MILWAUKEE – While U.S. Bankruptcy Judge Susan V. Kelley offered an opinion in a hearing Friday, Jan. 11, that neither the First Amendment nor the 1993 Religious Freedom Restoration Act protects the more than $60 million dollars in the Archdiocese of Milwaukee Catholic Cemetery Perpetual Care Trust, Timothy Nixon, attorney representing the trust, offered assuring words for those who have invested in the trust.

“That money is still in the cemetery trust, and no one is saying anything different,” he told your Catholic Herald Tuesday, Jan. 15. 
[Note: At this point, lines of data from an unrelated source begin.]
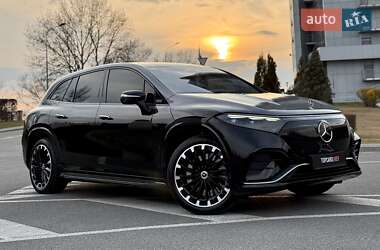 Седан Mercedes-Benz EQS 2023 в 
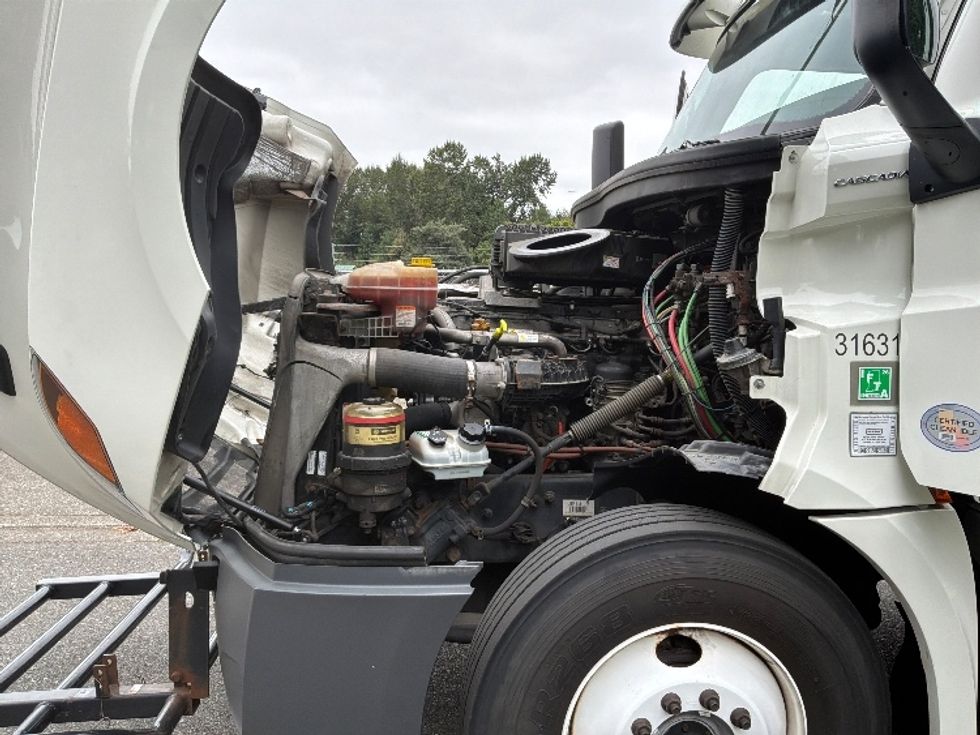 Day Cab Tractor-Heavy Duty Tractors-Freightliner-2018-T12664ST-Tukwila-WA-309,281\n\t\tmiles-$ 46,500 - Image 16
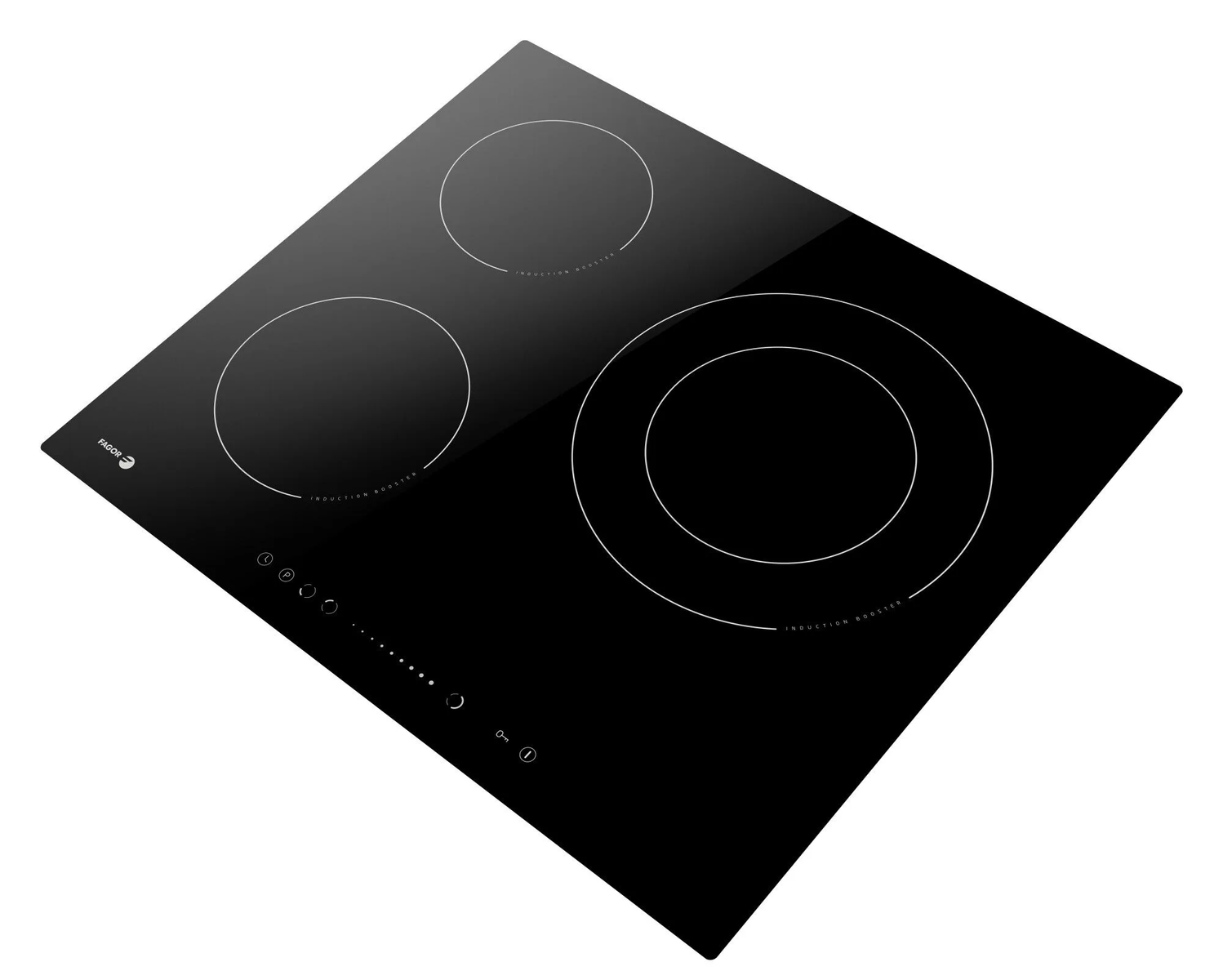 Un piano cottura nero con tre fuochi, pannello di controllo in basso, sfondo bianco.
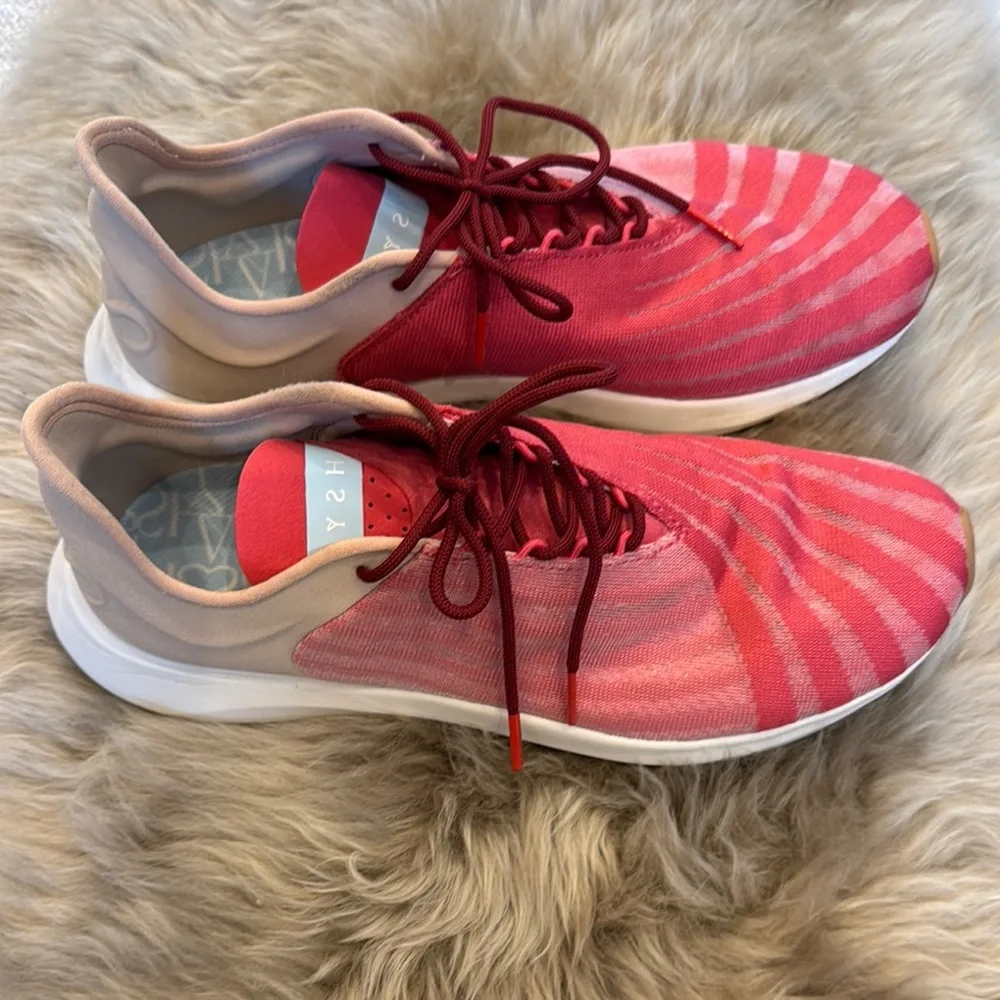 SAYSH Women's Athletic Running Shoes - Pink/Red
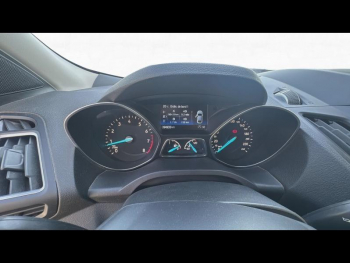 Photo 11 du bon plan FORD Kuga 1.5 EcoBoost 150ch Stop&Start Titanium 4x2 Euro6.2 occasion à 15990 €
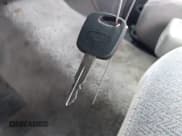 ✅ 1999 Ford Explorer XL • VIN: 1FMZU32X6XZB34133 • Lot: 41391700. Wystawiony na IAAI z przebiegiem 275 611 mil. Bezpłatny archiwum sprzedaży aukcyjnych z USA i szczegółowy raport historii pojazdu na DreamBid. Zdjęcie 11.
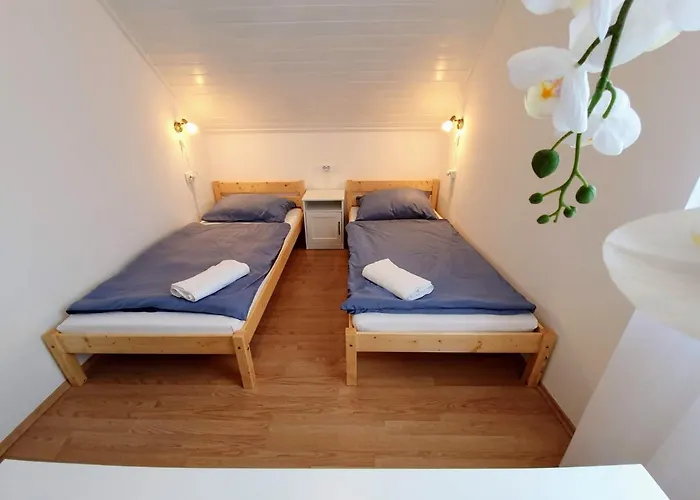 Varga Gardens Ferienhaus *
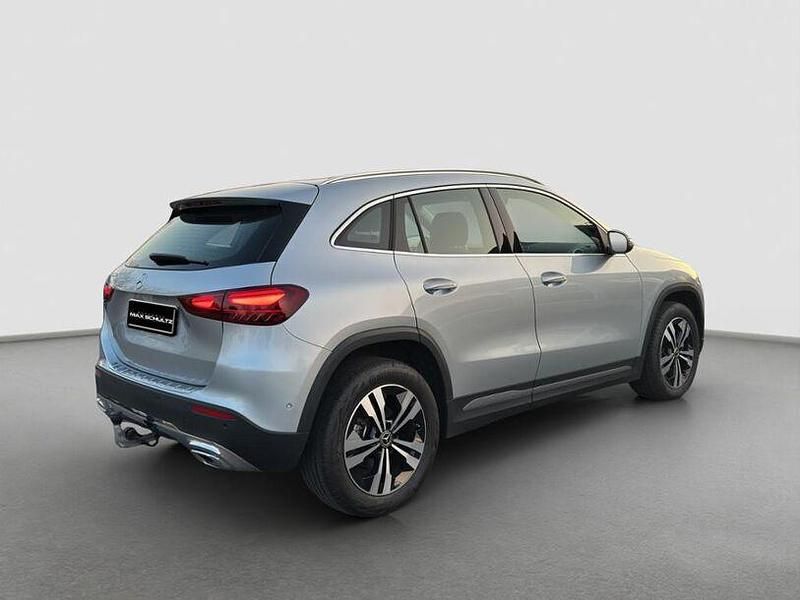 Gebraucht Mercedes GLA200 150 PS (110 kW) 2025 Metalliclack hightechsilber SUV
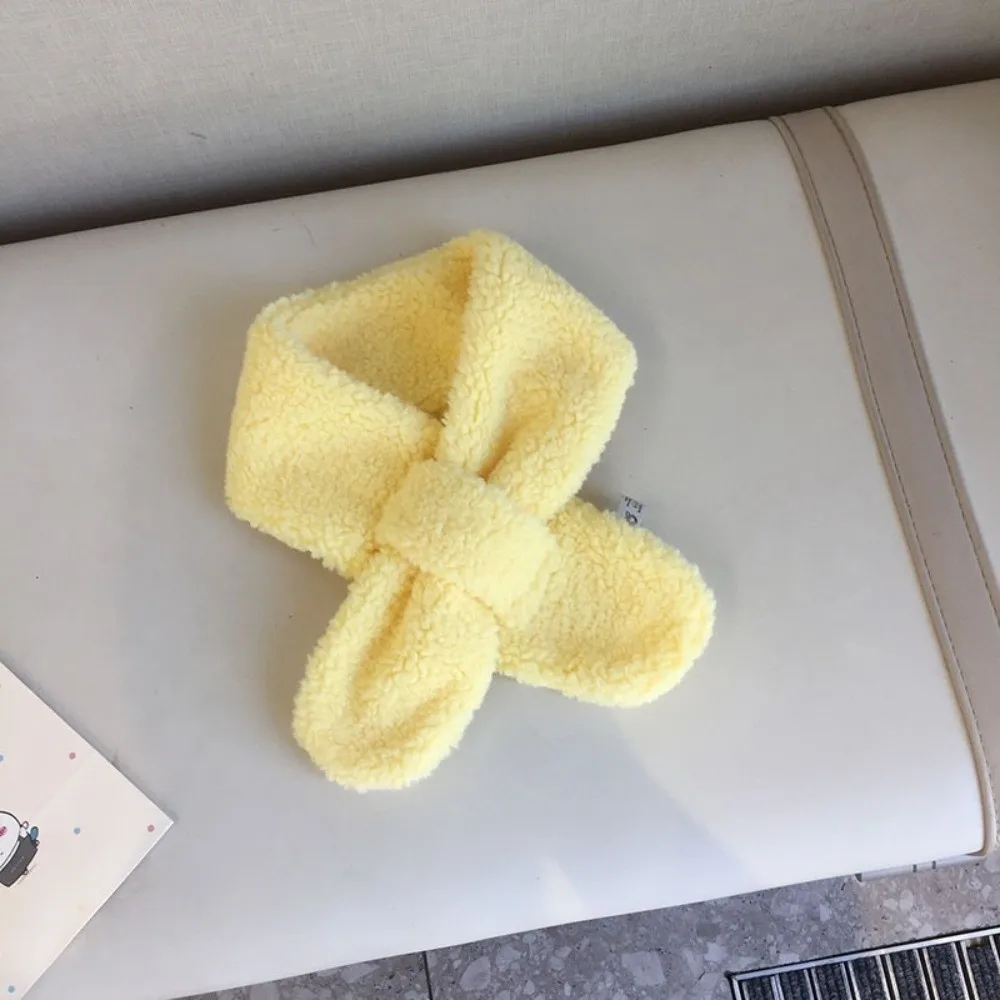 Bufanda de invierno cálida a la moda, calentador de cuello suave y grueso, bufanda de lana de cordero bonita de felpa para niños y niñas - imagen 2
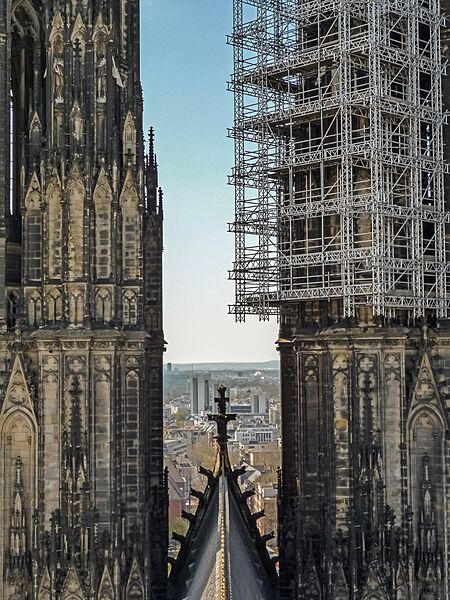 Köln, Dom b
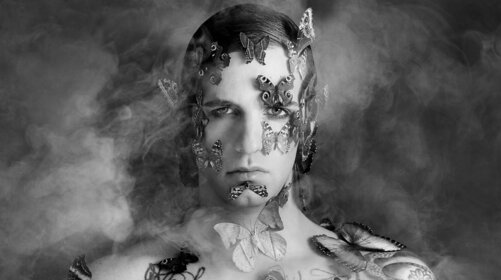 SENZA UNA STUPIDA STORIA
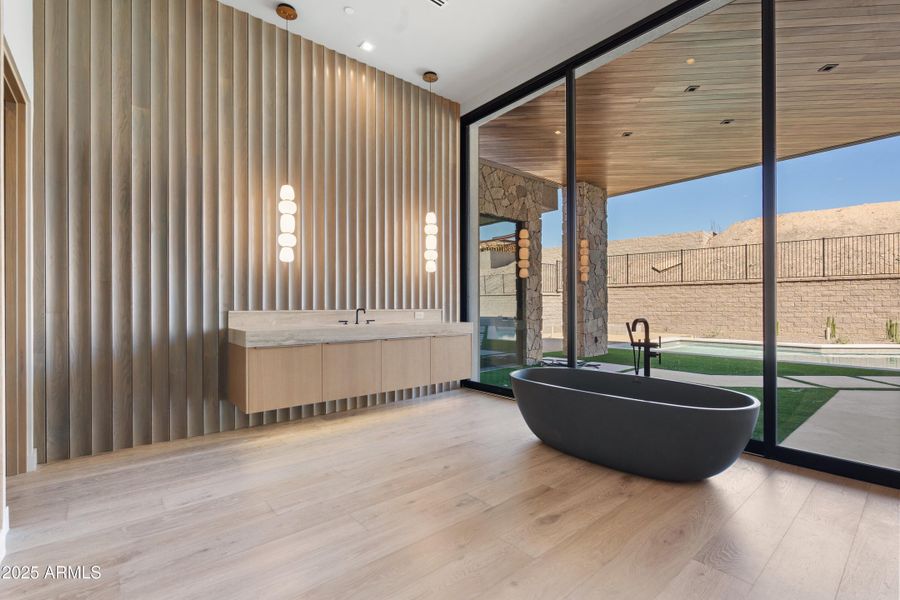 020_Primary Bathroom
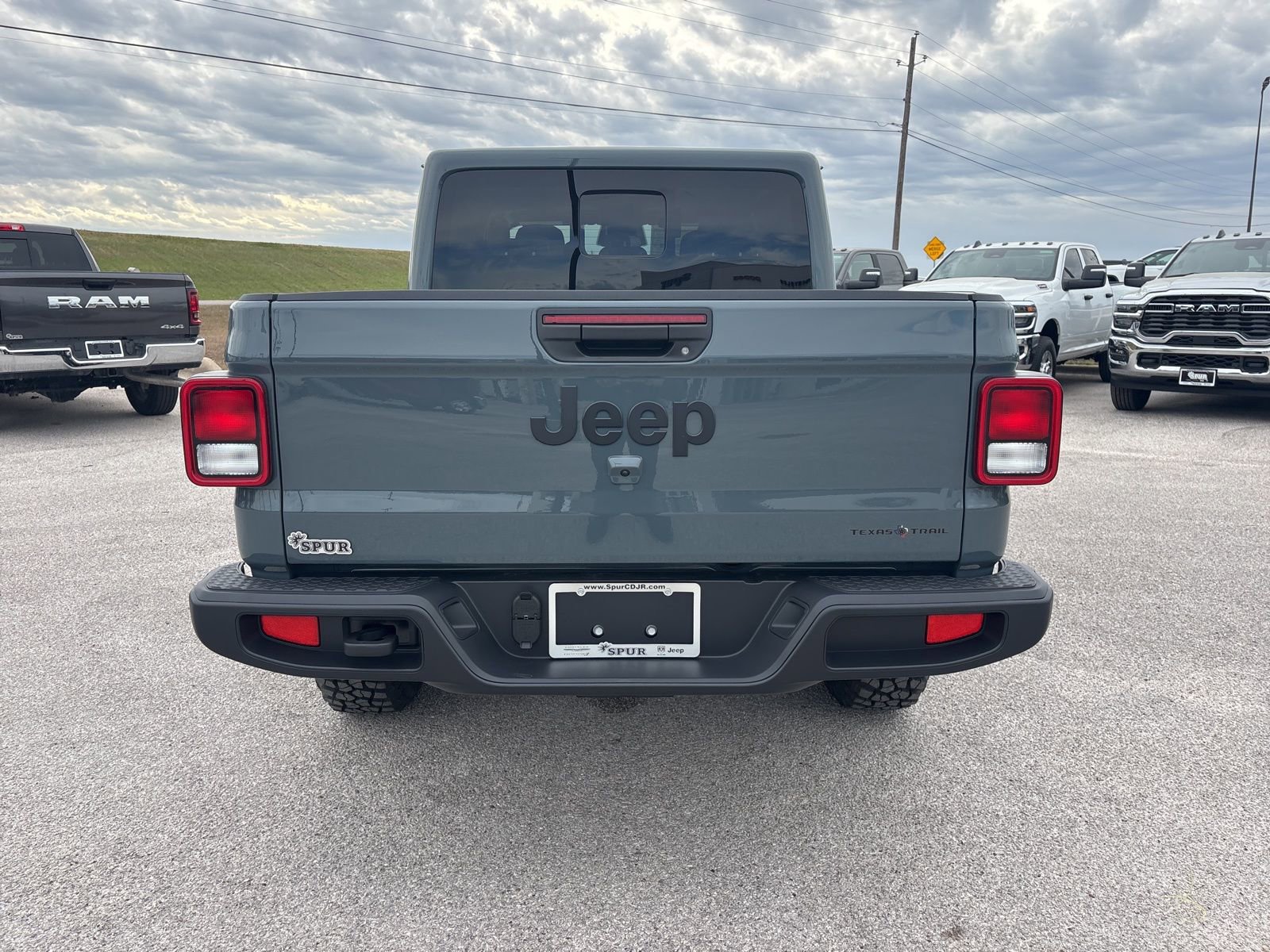 New 2026 Jeep Gladiator Mojave AWD/4WD image 5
Once Kelley’s “proposed finding of fact and conclusion of law,” as Nixon described it, is filed, the cemetery trust’s attorneys have 14 days to file objections to it. Then attorneys for the creditors’ committee, who contend that the cemetery trust is part of the archdiocese’s assets in its Chapter 11 reorganization, will have 14 days to file its response to those objections.

Then the matter goes to U.S. District Court where Kelley’s opinion could be totally accepted, totally rejected, or have some parts accepted and others rejected, he explained.

“There’s a long way to go,” Nixon said.

Nixon, an attorney with Godfrey & Kahn S.C., noted that in representing the cemetery trust, he is representing “a separate legal entity of which Archbishop Jerome E. Listecki is the sole trustee. It is governed by state law and has canonical obligation.”

This is the same point Archbishop Listecki made in a declaration filed with the court in July 2012 in which he delineated church teaching on Catholic burial, Catholic cemeteries and their care as sacred places, and the role of the cemetery trust, which was established under Wisconsin laws by then-Milwaukee Archbishop Timothy M. Dolan in 2007.

In his declaration, Archbishop Listecki stated that he acts “in conjunction and in conformance with the vision of the Roman Catholic Church. The Trust nevertheless functions as an autonomous body with independent decision-making authority. Under canon law, the property of public juridic persons is ecclesiastical property subject to the canons governing church property.”

He continued, “The Trust constitutes a separate and distinct legal entity from the Archdiocese, rather than a division or asset of the archdiocese. This separate status is reflected in all accounting related to the Trust, its independent creation and management, and its unique tax identification.”

In 1857, 14 years after the then-Diocese of Milwaukee was established, the first Catholic cemeteries became part of the landscape in southeastern Wisconsin. Since then, more than 500,000 people have been interred in those grounds.

Attorneys will be in Kelley’s courtroom Jan. 24 to learn the fate of the archdiocese’s objections to five claims brought against it in the Chapter 11 proceedings by victim/survivors of clergy sexual abuse. On Dec. 13, the judge disallowed two claims, but sought further information on the other five.